翻訳語 の選択も、そういった取り組みの一部だろうと思います。知識量からし て、「天球」や「九重天」を引っ張ってきたのは、李之藻 や徐光啓 彼らの方でしょうし、この選択には彼らなりの意図があると思います。一方、それを受けての言葉の運用は、マテオ・リッチ らの側に基本的には委ねられていたはずです。特に彼らが言語に習熟した後では。『乾坤体義』などは、リッチが中国に来て随分と経ってから公開されたものです。このあたりの両者の相互作用の機微については、相当の研究がありそうで、一度勉強してみたいものですが、こうやって定着した「球」という用語は、球体を表す数学用語として旧来の用語を押し退けてしまいます。
付録:『康煕字典 』の「球」
以下、改行と番号は筆者。
《唐韻》巨鳩切《集韻》《韻會》《正韻》渠尤切,x音求。
《說文》玉磬也。《書·益稷》夔曰:戛擊鳴球。《傳》球,玉磬也。
又《廣韻》美玉也。《書·顧命》天球河圖在東序。《詩·商頌》受小球大球。《傳》球,玉也。
又琉球 ,國名。詳後琉字註。
又《集韻》渠幽切,音虯。
美玉名。《集韻》或作璆。
まず、基本知識として、『康煕字典 』に乗っている語義は、全て過去の辞書類や古典から集めています。よって引用だらけで、地の文はほんの少しです。上では、引用元を《》に入れて表示しています*24 。1と5は発音の説明です。漢字は二つ以上の音のあるものが沢山あります。「球」の場合、二通りの発音があることがわかります。音が違うと、字面が同じでも違う単語です。2-4は1の発音をするときの意味で、6は5の発音をするときの意味です。そして、「又」で区切られるごとに、違った意味が提示されています(なので、「又」の直前で改行しているのです)。

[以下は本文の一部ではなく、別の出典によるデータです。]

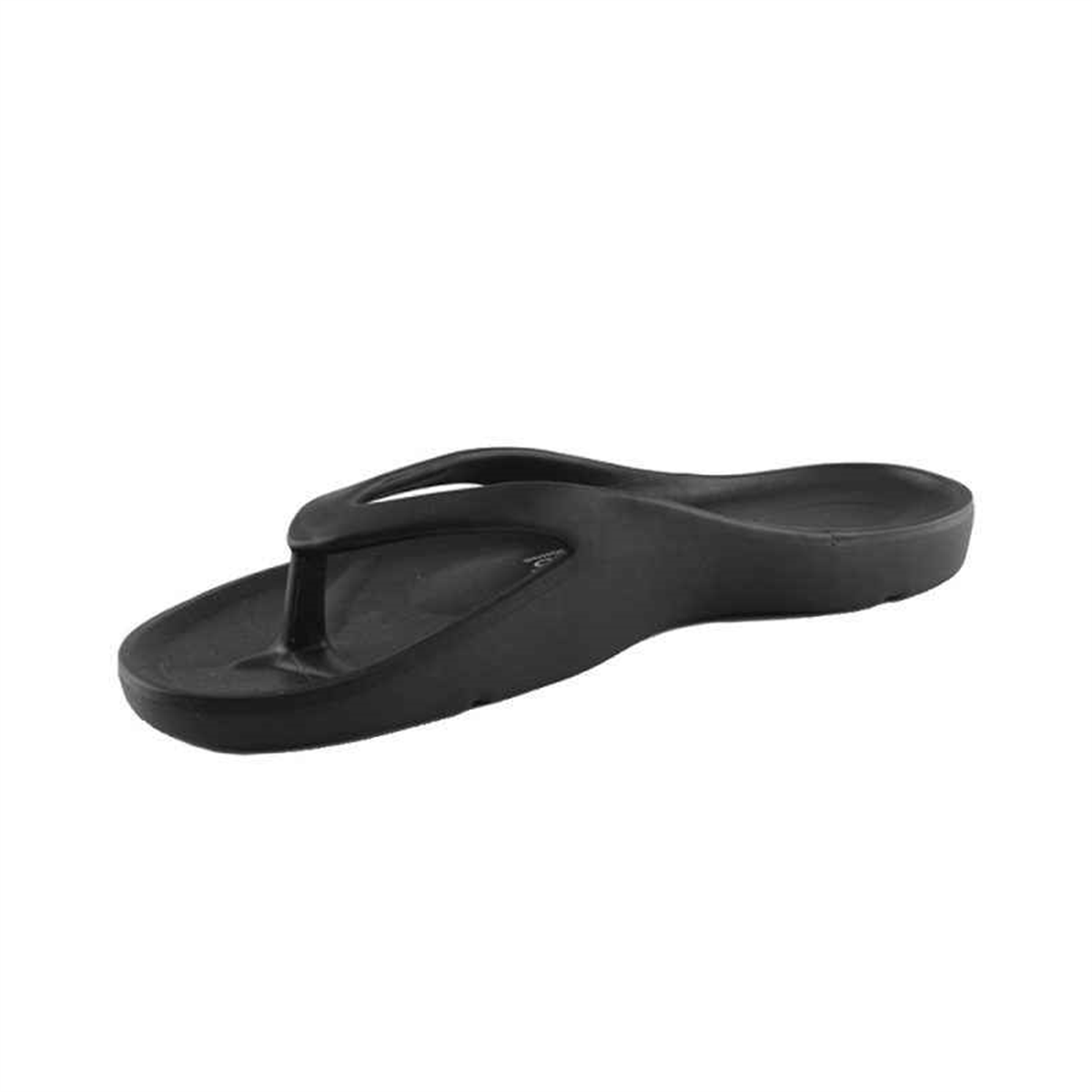 Slappa's Thongs - Black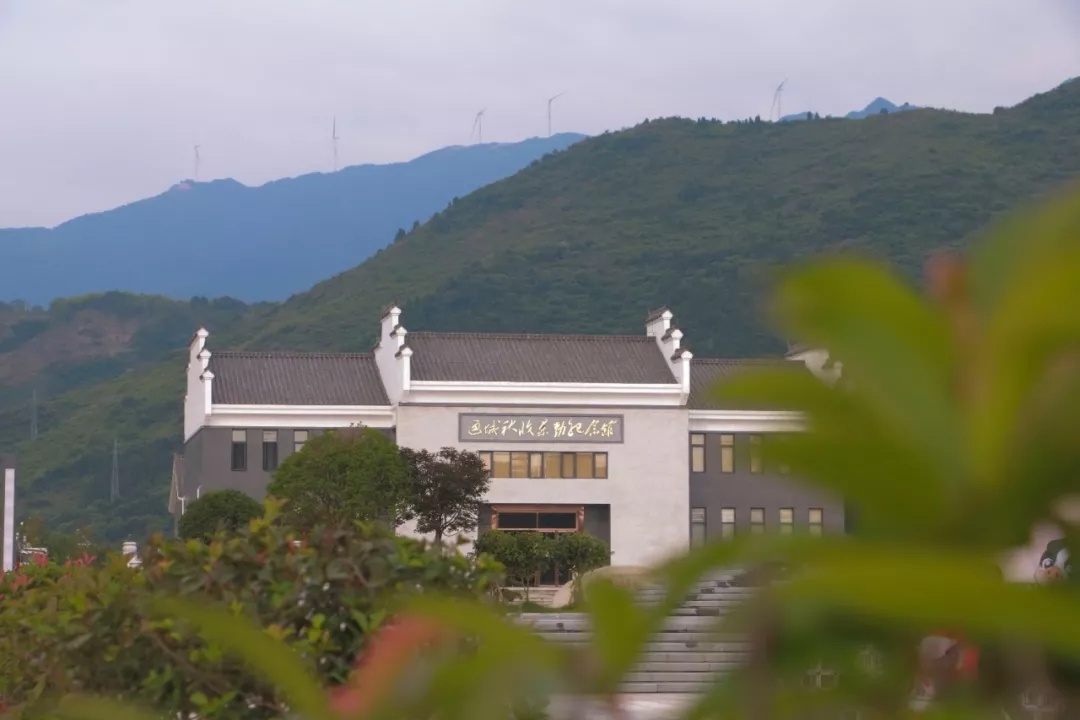通城縣塘湖鎮(zhèn)大堝村魯直第傳統(tǒng)村落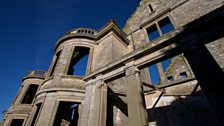 Kirklinton Hall in Cumbria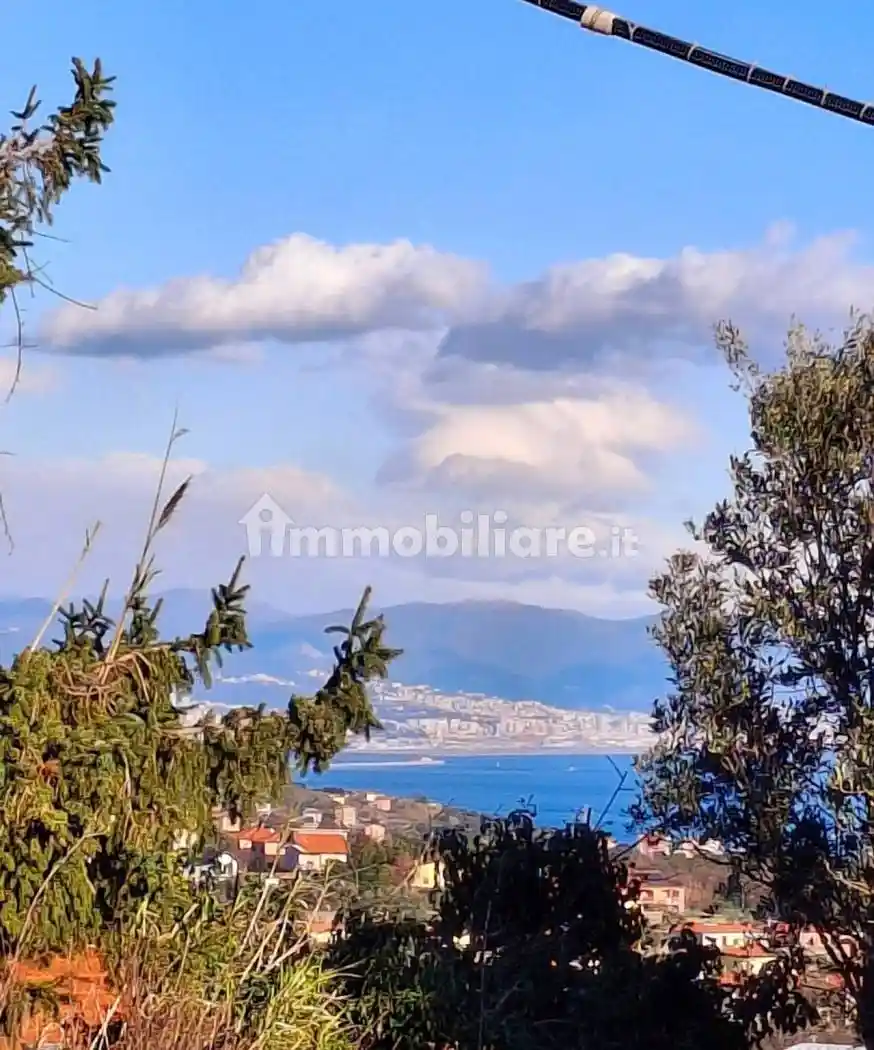 Progetto in vendita a Cogoleto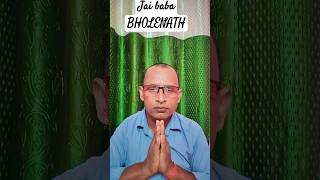 jai baba BHOLENATH sun lo meri vintishortvideos birendra official 073 [upl. by Elwyn]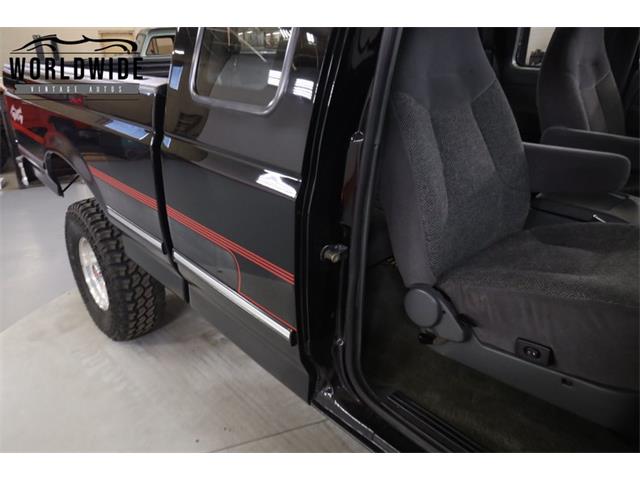 1993 Ford F150 (CC-2079018) for sale in Denver , Colorado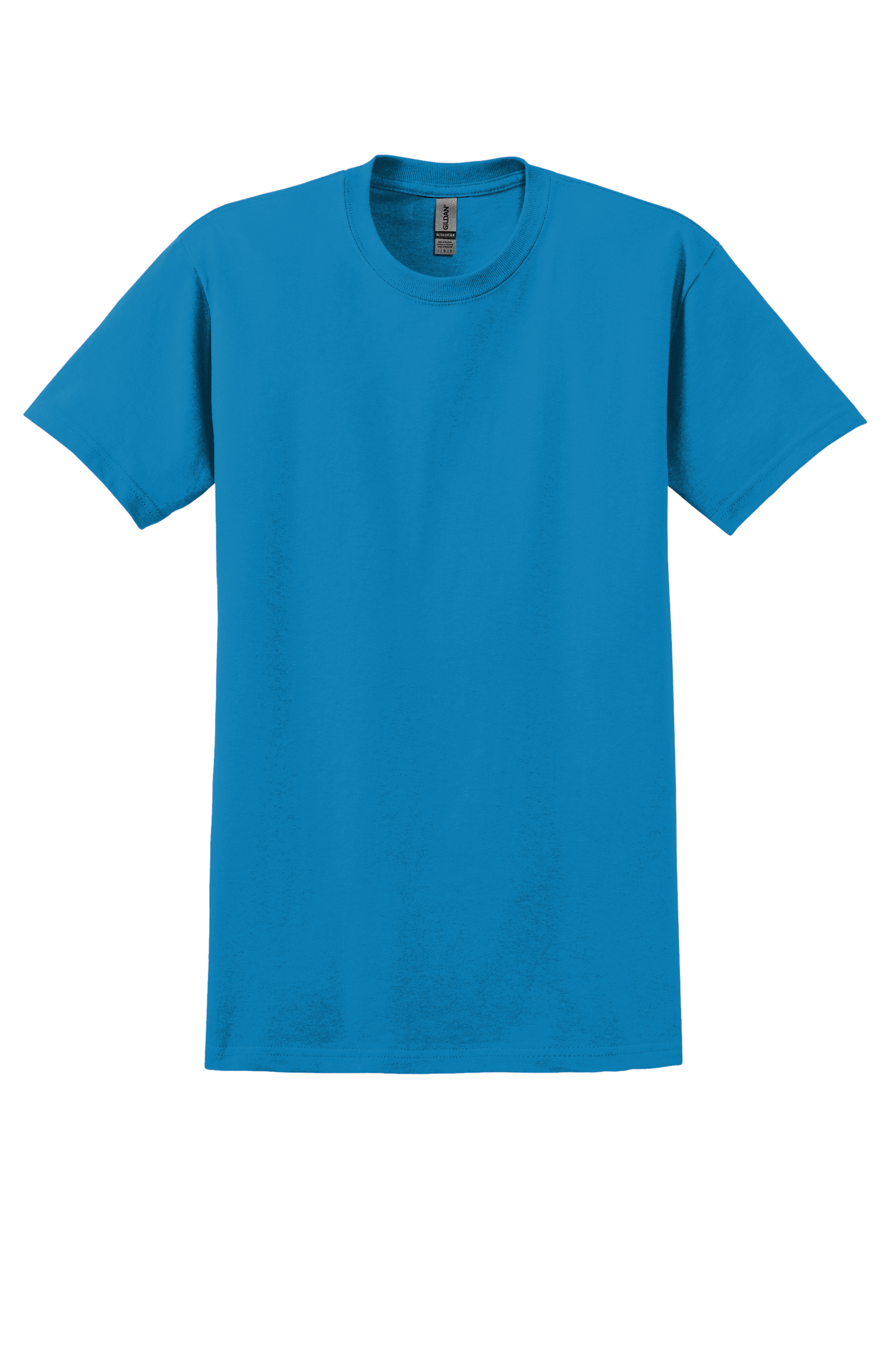 Gildan 2000 - Ultra Cotton 100% US Cotton T-Shirt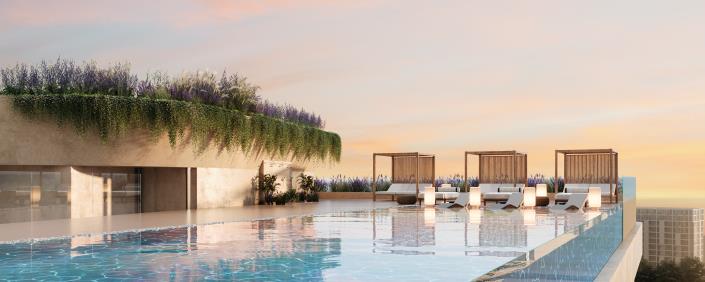 Image No.6-Studio de 1 chambre à vendre à Dubai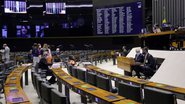 Câmara dos Deputados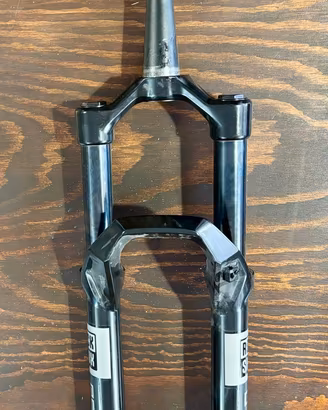 Forcella mtb Rock Shox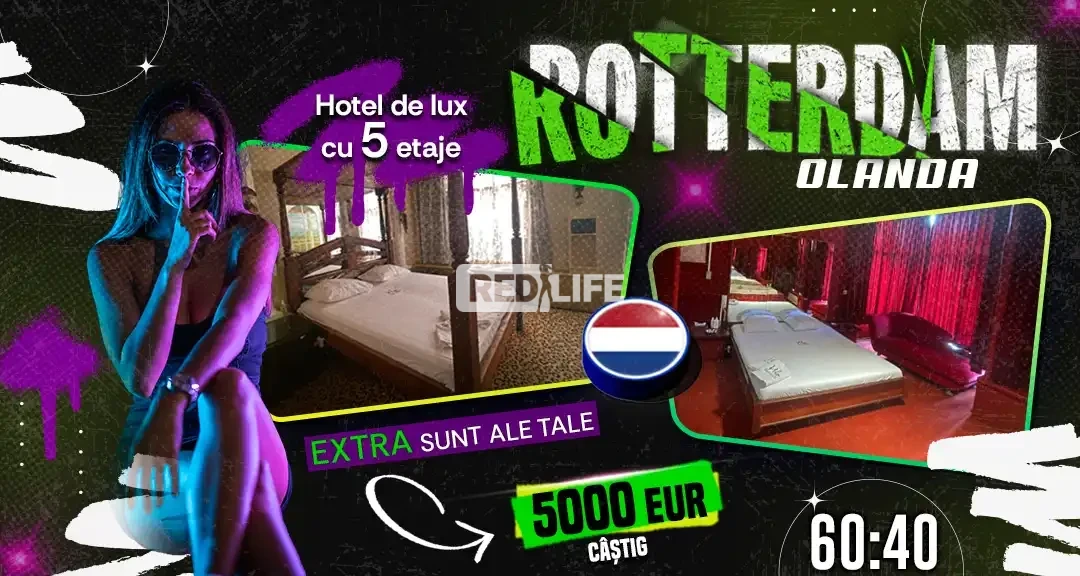 Oportunitate rară, exclusivă de muncă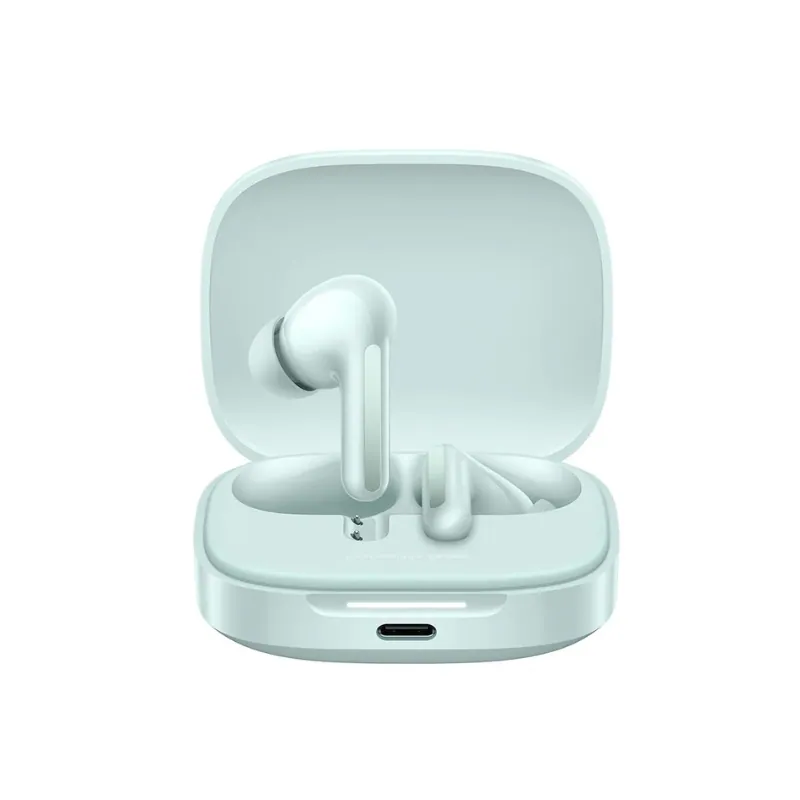 Xiaomi Redmi Bluetooth Earbuds 6 (Green) Xiaomi Redmi Bluetooth Earbuds 6 (Green)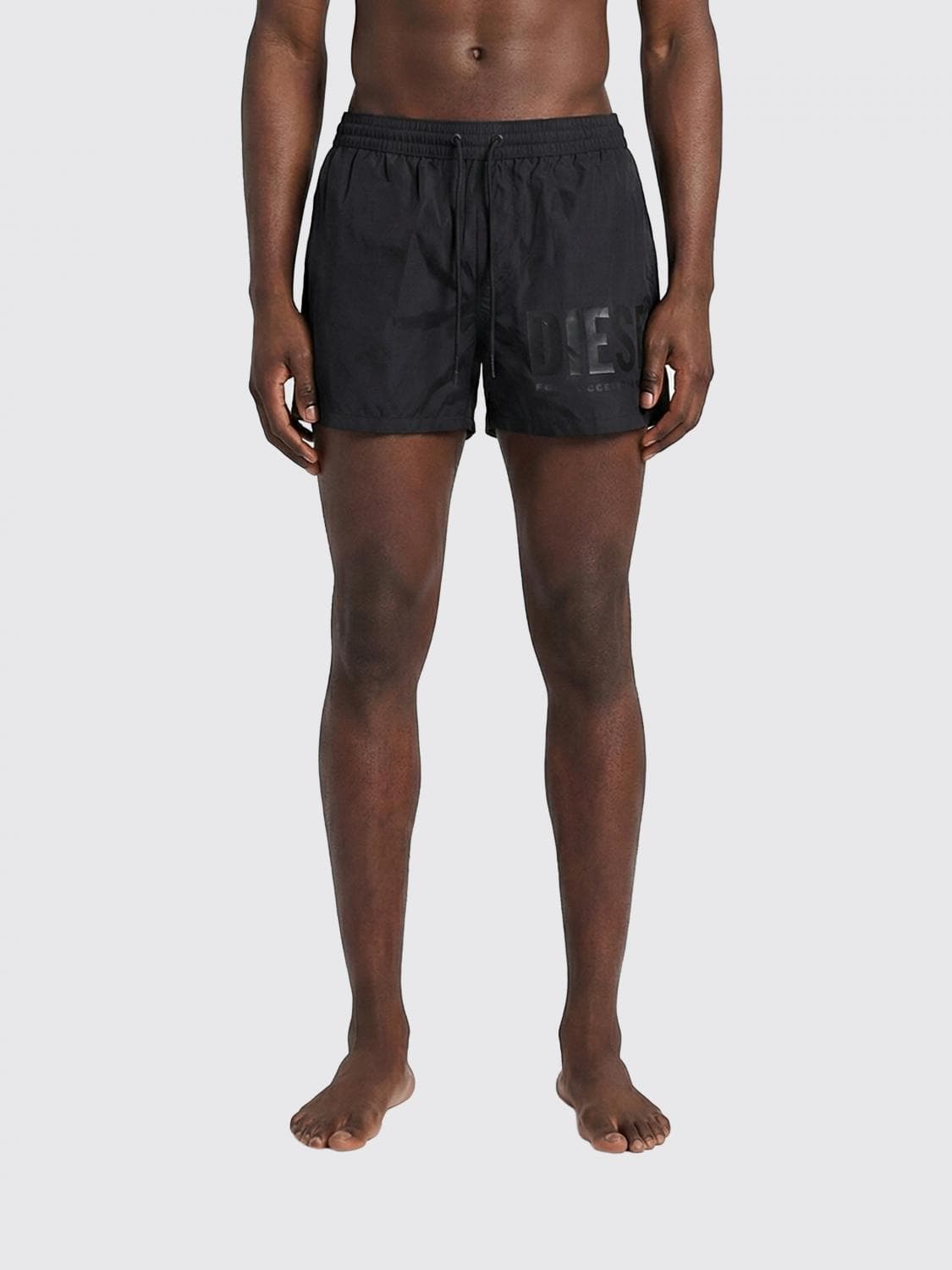 Diesel Polyamide Swimsuit · XL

2,3,4,6が意味を説明しているわけですが、4は国名、6は固有名詞。打楽器「玉磬」という意味は2で、美しい玉という意味は3になります。
一部、フォントが足りなかったので、影印へのリンクを貼っておきます(武衛殿本)
康熙字典網上版 KangXiZiDian.Com
付録2:明末清初の数理科学文献
冒頭述べた通り、宣教師たちの一部は途中で一時帰国し、本格的な第二次派遣団を組織して戻ってきました。そして、いよいよ西洋天文学 による改暦事業がスタートします。これを境に、文書の内容は専門性を増し、宗教的・哲学的な色彩を薄めます。改暦事業に関係した文書の代表が徐光啓 撰『崇禎暦書』を構成する文書で、それ以前の文書の代表が李之藻 撰『天学初函』に収められる諸文書です。また『天学初函』以外にも、初期のマテオ・リッチ らの世界地図『輿地山海全圖』『坤輿萬國全圖』『乾坤体義』は、影響力が非常に大きかった。また李之藻 とフルタードの『寰有詮』は時期は遅いのですが、アリストテレス 『天体論』の抄訳+注釈で、概念の導入史からいっても、興味深いところです。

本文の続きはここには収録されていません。